**Your instructions:** Beginning with the line that includes "Picture of a" and ending with the last line of the entries below, set down each line exactly; include no pictures.

**Information given:**
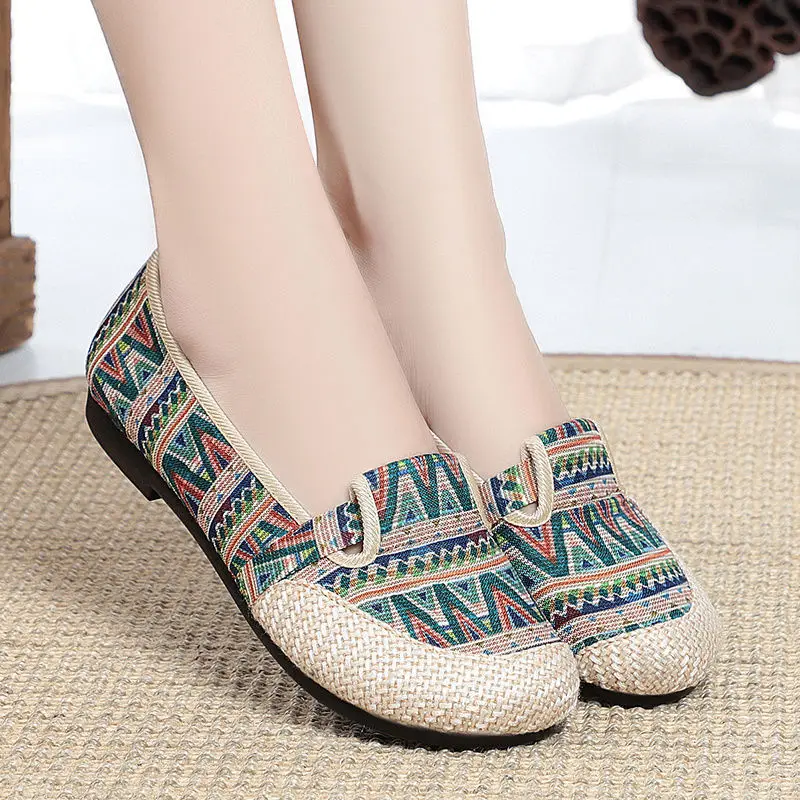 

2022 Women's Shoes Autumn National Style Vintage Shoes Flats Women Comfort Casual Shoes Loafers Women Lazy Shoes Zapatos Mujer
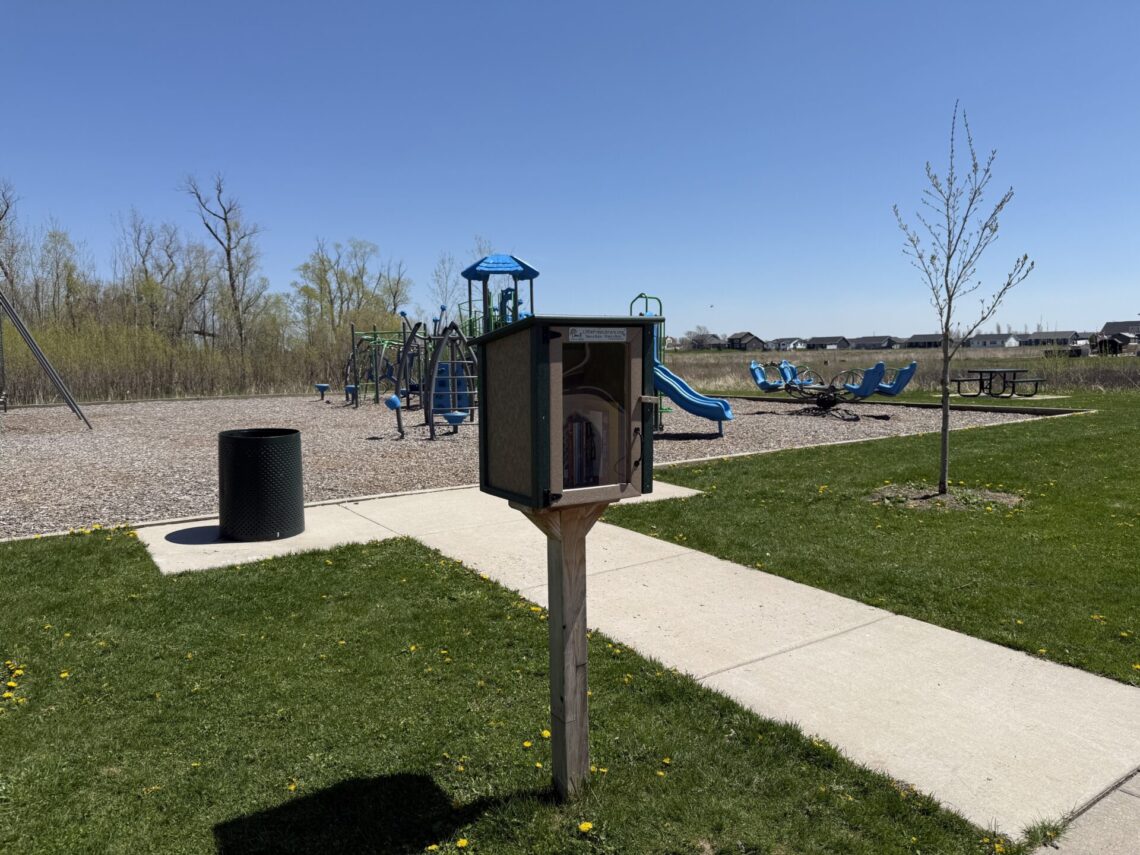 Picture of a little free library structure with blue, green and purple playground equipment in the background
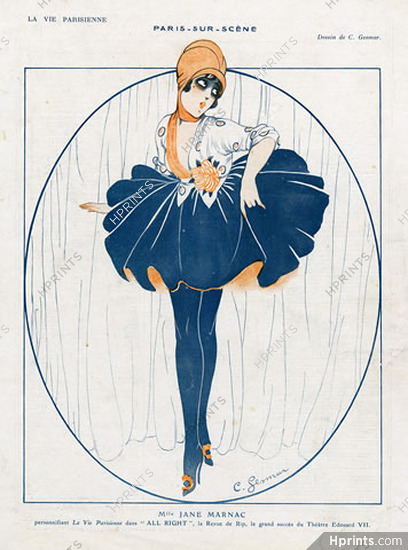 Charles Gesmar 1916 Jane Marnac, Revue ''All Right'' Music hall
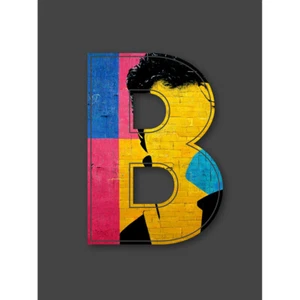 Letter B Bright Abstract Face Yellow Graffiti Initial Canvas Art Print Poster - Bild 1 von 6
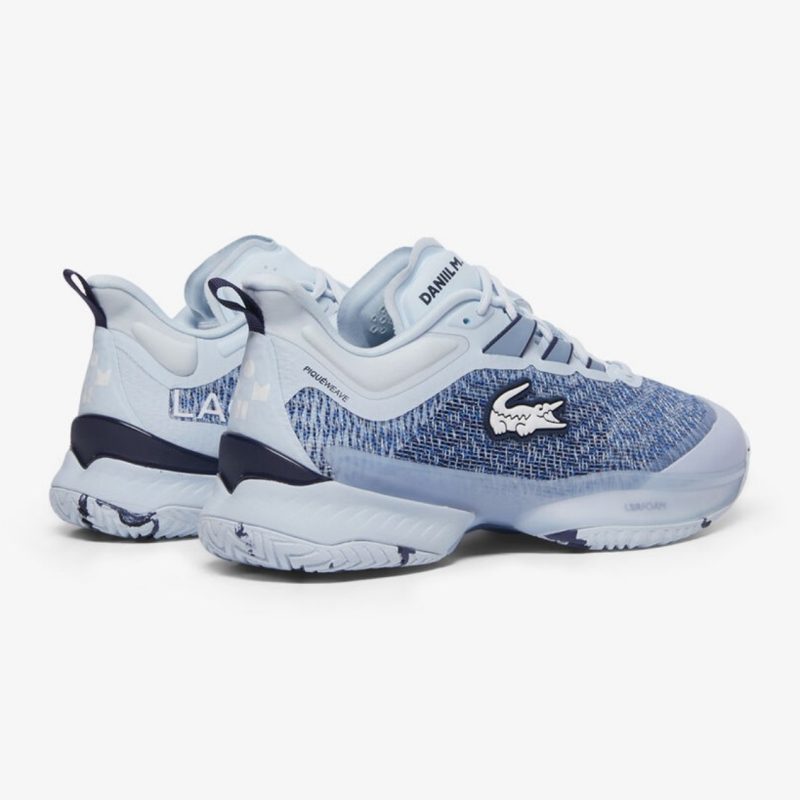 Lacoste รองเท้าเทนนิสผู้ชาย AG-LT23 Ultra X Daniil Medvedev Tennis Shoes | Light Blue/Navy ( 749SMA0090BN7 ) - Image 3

**Answer box:**
 Picture of a little free library structure with blue, green and purple playground equipment in the background
 Charles Gesmar 1916 Jane Marnac, Revue ''All Right'' Music hall
 Letter B Bright Abstract Face Yellow Graffiti Initial Canvas Art Print Poster - Bild 1 von 6
 Lacoste รองเท้าเทนนิสผู้ชาย AG-LT23 Ultra X Daniil Medvedev Tennis Shoes | Light Blue/Navy ( 749SMA0090BN7 ) - Image 3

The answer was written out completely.